▸ **Your goal**:
Beneath this task are records; print exactly the stretch of them from the line with "SIR the label" through the line with "Hängende Blumentopf Kunststoff", both ends included.

▸ **Provided data**:
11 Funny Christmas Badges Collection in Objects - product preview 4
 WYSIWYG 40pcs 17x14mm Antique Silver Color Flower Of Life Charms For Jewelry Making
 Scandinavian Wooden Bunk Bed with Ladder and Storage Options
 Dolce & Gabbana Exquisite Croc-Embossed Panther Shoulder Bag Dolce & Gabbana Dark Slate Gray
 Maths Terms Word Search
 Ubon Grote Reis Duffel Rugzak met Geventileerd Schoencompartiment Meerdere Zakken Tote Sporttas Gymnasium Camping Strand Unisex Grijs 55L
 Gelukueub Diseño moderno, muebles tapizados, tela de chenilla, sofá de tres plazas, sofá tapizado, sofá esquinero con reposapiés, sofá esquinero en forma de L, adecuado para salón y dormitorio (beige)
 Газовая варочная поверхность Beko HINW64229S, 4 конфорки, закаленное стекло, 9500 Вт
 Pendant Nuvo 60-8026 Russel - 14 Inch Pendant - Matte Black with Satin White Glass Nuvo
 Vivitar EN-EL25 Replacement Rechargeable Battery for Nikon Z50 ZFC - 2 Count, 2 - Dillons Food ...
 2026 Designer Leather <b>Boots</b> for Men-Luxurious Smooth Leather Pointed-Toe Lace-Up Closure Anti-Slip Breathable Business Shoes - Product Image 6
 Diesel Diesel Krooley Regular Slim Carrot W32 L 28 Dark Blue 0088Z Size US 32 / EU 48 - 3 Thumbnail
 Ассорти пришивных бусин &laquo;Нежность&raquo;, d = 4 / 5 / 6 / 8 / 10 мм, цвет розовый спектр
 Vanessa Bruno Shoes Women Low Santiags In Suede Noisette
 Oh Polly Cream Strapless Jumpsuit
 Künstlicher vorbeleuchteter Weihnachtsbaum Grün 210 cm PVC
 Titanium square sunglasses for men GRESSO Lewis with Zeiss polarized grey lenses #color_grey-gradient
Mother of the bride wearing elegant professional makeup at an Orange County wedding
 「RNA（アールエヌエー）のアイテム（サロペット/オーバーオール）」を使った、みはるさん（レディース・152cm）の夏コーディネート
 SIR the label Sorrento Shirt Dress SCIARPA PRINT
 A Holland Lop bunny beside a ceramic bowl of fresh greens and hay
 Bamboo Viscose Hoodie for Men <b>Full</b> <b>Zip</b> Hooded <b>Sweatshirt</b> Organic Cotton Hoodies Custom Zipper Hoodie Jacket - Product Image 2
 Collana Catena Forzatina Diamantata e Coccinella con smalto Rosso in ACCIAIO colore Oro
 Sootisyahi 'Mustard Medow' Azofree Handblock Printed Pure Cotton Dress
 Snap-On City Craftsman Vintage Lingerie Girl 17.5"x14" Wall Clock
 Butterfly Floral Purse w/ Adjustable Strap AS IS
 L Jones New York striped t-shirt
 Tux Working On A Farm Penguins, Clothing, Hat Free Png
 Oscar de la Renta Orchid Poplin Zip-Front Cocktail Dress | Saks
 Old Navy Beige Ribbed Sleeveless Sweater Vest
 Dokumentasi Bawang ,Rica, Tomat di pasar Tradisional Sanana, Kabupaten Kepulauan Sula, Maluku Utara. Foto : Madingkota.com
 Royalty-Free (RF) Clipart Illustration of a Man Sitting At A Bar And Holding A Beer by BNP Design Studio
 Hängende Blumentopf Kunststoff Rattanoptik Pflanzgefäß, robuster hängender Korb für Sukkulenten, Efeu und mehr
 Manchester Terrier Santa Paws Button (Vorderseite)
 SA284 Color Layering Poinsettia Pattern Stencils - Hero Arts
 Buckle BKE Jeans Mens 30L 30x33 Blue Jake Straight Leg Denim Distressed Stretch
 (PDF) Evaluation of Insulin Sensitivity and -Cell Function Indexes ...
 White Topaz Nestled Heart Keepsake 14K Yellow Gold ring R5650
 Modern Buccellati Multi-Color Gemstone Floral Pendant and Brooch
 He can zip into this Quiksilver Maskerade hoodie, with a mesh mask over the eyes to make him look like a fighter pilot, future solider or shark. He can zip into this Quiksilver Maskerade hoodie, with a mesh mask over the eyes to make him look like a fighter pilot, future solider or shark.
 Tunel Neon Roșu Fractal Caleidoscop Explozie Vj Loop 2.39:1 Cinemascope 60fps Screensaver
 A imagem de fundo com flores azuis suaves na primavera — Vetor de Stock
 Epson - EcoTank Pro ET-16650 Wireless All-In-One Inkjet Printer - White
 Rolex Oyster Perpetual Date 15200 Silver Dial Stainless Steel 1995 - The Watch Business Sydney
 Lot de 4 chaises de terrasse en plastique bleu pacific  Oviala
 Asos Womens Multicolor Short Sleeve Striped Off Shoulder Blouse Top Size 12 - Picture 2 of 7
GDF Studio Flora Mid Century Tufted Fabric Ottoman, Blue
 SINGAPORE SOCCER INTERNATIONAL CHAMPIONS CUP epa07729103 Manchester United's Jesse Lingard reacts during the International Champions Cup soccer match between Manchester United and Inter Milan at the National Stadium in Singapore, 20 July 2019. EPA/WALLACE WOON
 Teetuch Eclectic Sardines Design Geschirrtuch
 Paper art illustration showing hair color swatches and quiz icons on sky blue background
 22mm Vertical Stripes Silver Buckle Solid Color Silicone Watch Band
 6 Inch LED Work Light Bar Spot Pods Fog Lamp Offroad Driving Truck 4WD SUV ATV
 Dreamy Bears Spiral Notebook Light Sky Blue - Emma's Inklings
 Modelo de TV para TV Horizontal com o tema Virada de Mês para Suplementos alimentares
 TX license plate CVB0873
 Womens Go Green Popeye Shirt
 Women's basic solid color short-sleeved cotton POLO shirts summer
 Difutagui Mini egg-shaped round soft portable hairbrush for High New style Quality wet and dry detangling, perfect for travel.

▸ **Completed exercise**:
 SIR the label Sorrento Shirt Dress SCIARPA PRINT
 A Holland Lop bunny beside a ceramic bowl of fresh greens and hay
 Bamboo Viscose Hoodie for Men <b>Full</b> <b>Zip</b> Hooded <b>Sweatshirt</b> Organic Cotton Hoodies Custom Zipper Hoodie Jacket - Product Image 2
 Collana Catena Forzatina Diamantata e Coccinella con smalto Rosso in ACCIAIO colore Oro
 Sootisyahi 'Mustard Medow' Azofree Handblock Printed Pure Cotton Dress
 Snap-On City Craftsman Vintage Lingerie Girl 17.5"x14" Wall Clock
 Butterfly Floral Purse w/ Adjustable Strap AS IS
 L Jones New York striped t-shirt
 Tux Working On A Farm Penguins, Clothing, Hat Free Png
 Oscar de la Renta Orchid Poplin Zip-Front Cocktail Dress | Saks
 Old Navy Beige Ribbed Sleeveless Sweater Vest
 Dokumentasi Bawang ,Rica, Tomat di pasar Tradisional Sanana, Kabupaten Kepulauan Sula, Maluku Utara. Foto : Madingkota.com
 Royalty-Free (RF) Clipart Illustration of a Man Sitting At A Bar And Holding A Beer by BNP Design Studio
 Hängende Blumentopf Kunststoff Rattanoptik Pflanzgefäß, robuster hängender Korb für Sukkulenten, Efeu und mehr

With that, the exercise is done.